Перебив негритянскую стражу, дервиши ведут узников через пустыню к Хартуму. Пока они терпят лишь физические страдания, но вот караван оказывается во власти фанатика эмира, который ставит перед пленниками выбор: принять магометанство или смерть.
И тут во всей полноте раскрывается человеческая природа. Католики готовы и рады пойти на смерть во имя веры. Американская девушка вовсе не желает умирать, но покорна воле своей решительной тетушки. Тощий английский полковник бурчит, что лучше покончить все счеты с жизнью здесь, чем быть проданным в рабство в Хартуме; на самом деле его волнует, что обращение в магометанство выглядит не слишком респектабельно. Француз-агностик кричит в исступлении, что готов исповедовать любую веру, но не под воздействием грубой силы. Страсти накаляются до предела во время скачки по пустыне, когда их похитители уходят от погони египетских верблюжьих частей. Наконец тянуть больше нет возможности — каждый должен сделать свой выбор.

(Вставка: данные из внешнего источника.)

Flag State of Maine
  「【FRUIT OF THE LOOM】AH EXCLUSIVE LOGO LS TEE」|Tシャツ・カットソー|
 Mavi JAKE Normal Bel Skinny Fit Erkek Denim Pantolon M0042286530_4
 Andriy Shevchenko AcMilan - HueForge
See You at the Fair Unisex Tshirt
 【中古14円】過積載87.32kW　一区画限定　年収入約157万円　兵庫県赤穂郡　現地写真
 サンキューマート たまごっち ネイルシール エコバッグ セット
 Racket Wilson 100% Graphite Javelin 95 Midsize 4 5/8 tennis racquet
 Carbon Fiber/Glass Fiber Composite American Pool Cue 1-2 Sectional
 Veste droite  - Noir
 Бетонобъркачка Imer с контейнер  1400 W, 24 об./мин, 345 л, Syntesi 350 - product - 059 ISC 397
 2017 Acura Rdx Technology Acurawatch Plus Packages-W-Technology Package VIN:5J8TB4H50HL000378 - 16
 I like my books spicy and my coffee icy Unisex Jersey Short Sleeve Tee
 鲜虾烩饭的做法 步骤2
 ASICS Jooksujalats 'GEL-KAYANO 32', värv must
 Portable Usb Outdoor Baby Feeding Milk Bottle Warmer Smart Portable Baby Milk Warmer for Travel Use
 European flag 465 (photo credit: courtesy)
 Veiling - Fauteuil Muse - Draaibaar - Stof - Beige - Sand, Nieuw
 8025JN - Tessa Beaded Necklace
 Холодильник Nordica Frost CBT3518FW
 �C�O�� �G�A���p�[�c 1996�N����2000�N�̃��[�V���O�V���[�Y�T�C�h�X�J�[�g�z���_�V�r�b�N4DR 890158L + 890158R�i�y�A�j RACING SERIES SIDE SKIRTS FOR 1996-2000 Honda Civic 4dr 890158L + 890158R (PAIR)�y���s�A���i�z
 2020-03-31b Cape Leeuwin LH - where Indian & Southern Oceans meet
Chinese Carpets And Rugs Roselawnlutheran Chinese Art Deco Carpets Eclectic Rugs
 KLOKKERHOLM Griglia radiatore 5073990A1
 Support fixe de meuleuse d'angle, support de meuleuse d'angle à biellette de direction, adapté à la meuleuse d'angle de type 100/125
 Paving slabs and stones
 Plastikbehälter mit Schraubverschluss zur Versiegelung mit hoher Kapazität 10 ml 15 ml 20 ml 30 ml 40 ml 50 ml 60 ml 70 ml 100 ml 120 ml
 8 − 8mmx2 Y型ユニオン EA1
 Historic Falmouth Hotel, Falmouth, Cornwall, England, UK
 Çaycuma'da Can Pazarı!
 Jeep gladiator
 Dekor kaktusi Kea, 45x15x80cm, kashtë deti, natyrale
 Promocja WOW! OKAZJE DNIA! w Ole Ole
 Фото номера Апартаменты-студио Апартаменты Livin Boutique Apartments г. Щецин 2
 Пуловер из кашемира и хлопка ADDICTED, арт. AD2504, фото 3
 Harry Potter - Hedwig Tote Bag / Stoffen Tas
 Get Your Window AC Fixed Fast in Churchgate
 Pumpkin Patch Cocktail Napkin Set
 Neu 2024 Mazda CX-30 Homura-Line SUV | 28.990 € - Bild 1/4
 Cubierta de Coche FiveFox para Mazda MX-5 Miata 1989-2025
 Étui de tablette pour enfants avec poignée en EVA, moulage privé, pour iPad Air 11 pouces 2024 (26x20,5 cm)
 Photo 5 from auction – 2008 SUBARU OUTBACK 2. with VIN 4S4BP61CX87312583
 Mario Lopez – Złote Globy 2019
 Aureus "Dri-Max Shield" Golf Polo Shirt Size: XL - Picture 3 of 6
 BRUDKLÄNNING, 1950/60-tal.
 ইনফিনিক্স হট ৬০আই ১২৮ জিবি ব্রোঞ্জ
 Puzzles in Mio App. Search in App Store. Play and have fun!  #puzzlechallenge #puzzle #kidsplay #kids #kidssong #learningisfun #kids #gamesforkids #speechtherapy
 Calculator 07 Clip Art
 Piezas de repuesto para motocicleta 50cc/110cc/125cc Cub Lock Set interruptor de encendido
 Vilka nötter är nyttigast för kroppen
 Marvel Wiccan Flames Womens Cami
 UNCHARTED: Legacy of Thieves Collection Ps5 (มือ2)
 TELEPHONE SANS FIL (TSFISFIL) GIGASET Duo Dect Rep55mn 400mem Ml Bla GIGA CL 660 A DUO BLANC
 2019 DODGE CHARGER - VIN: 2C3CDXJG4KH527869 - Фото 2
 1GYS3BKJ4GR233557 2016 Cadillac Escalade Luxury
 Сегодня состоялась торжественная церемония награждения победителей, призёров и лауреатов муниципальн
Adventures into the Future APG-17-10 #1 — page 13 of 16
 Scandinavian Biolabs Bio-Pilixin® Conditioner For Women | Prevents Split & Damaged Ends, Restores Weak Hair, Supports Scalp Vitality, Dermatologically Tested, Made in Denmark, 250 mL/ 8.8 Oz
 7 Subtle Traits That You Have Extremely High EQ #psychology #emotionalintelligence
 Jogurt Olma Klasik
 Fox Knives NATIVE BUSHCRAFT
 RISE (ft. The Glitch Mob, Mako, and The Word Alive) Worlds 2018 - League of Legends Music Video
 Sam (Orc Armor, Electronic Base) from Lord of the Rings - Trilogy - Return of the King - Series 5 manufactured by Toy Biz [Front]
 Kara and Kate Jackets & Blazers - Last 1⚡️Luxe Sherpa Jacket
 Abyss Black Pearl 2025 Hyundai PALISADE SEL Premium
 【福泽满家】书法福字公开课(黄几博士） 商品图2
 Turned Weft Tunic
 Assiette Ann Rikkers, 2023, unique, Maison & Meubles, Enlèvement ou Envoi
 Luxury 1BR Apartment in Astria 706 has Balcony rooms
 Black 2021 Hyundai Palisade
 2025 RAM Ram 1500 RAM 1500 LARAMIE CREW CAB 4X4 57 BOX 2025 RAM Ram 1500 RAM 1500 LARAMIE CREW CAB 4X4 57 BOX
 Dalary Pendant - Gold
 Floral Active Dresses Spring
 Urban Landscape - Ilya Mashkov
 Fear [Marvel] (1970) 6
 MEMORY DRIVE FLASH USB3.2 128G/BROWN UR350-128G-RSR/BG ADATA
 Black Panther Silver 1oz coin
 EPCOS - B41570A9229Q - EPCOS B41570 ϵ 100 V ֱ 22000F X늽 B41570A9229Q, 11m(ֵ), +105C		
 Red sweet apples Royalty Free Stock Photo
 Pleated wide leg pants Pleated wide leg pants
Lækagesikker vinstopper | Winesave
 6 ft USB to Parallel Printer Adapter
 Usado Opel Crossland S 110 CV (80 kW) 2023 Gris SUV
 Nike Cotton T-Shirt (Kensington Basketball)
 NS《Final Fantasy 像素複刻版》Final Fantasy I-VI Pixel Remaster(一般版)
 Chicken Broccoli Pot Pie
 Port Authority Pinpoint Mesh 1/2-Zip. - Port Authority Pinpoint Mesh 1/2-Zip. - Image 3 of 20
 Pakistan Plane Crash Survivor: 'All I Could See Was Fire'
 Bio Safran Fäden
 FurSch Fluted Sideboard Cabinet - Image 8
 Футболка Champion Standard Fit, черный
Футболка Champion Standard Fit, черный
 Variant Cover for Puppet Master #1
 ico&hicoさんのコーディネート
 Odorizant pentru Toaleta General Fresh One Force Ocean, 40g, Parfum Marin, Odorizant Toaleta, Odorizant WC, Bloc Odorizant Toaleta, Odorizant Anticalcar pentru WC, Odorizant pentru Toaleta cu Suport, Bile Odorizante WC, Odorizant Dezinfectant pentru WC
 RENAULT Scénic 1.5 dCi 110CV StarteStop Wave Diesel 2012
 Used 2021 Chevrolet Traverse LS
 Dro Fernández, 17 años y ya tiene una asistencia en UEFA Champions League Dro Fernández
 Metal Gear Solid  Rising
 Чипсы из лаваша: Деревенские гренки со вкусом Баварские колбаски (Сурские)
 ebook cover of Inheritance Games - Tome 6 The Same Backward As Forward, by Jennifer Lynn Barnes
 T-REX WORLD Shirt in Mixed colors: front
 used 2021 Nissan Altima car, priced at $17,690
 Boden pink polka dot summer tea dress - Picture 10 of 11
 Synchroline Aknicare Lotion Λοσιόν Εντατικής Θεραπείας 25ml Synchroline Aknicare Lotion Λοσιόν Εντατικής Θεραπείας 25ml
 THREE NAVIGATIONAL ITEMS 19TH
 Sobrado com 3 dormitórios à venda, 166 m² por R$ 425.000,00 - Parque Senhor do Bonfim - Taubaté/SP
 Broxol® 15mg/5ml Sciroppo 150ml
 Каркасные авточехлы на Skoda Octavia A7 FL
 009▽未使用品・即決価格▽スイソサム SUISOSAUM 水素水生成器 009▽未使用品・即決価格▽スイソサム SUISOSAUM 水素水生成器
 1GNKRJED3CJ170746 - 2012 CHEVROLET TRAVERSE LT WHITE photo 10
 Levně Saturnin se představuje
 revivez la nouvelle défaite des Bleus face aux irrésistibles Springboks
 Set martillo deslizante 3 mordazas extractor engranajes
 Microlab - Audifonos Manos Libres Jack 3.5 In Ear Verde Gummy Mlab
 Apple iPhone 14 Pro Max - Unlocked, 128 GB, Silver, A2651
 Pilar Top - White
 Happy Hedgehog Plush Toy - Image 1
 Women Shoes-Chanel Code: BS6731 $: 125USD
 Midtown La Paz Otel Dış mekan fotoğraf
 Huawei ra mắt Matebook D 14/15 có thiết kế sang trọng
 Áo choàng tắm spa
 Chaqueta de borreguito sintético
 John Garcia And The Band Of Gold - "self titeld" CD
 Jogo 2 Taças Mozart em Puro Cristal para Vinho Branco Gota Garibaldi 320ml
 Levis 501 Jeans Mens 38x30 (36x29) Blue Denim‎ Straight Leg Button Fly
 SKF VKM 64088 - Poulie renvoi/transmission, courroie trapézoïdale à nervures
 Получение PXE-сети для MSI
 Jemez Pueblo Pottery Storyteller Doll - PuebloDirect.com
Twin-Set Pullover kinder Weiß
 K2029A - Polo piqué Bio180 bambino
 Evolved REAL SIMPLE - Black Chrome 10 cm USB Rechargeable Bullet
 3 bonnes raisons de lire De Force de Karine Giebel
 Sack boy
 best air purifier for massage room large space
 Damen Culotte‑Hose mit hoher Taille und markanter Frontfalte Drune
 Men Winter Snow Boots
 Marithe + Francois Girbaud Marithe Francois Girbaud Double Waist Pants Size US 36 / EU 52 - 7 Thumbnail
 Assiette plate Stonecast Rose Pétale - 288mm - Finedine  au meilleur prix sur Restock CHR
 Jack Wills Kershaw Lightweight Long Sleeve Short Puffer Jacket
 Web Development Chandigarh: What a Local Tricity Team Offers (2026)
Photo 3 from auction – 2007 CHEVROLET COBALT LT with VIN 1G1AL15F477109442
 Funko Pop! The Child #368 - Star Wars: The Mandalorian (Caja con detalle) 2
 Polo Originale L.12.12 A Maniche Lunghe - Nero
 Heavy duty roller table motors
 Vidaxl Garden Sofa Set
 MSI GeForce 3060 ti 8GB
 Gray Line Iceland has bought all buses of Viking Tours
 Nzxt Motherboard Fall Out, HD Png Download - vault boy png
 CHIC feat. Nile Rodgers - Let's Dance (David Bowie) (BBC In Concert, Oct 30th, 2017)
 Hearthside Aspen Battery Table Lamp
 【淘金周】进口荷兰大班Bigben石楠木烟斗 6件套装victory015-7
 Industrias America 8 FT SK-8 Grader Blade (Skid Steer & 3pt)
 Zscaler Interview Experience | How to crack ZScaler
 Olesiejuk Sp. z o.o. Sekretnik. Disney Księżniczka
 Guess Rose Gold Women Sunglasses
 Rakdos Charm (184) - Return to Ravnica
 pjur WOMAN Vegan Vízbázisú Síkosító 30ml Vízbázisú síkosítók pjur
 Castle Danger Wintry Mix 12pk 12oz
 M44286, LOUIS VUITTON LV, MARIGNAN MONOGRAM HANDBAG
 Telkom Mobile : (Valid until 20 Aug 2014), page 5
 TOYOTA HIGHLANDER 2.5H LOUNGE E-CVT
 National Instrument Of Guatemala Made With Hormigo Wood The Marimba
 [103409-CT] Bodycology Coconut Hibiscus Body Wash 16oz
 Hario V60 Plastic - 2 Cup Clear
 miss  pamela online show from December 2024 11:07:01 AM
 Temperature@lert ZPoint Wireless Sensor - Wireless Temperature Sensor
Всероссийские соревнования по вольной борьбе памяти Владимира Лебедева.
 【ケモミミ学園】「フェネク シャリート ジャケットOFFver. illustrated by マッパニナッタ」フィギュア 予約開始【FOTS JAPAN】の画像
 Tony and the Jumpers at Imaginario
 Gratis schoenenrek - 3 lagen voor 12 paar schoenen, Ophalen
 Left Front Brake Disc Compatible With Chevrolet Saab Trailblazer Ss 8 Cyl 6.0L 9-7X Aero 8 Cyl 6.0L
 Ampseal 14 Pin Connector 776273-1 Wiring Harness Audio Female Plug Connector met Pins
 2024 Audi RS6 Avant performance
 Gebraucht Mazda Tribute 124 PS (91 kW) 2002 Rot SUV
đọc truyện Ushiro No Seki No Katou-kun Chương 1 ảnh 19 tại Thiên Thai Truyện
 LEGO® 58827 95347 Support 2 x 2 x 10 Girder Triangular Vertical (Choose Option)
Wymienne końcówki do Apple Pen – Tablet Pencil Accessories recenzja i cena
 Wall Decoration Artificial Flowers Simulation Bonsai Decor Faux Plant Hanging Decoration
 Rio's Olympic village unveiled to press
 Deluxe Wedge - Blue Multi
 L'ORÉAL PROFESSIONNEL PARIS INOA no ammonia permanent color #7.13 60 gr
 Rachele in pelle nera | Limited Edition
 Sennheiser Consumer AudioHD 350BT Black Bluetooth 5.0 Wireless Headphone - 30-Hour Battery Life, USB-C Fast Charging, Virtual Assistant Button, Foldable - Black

«Трагедия в Короско» выполнена в напряженном приключенческом темпе, за которым почти невозможно разглядеть авторскую мысль. Как и в «Старке Манро», но еще сильнее, ощущается в повести присутствие некоего высшего предназначения, действующего во имя добра. Увы, это не для француза. И между строк мы читаем, что, бросая вызов дервишам, почти все пленники, за исключением католиков, руководствуются не столько верой, сколько людской гордыней.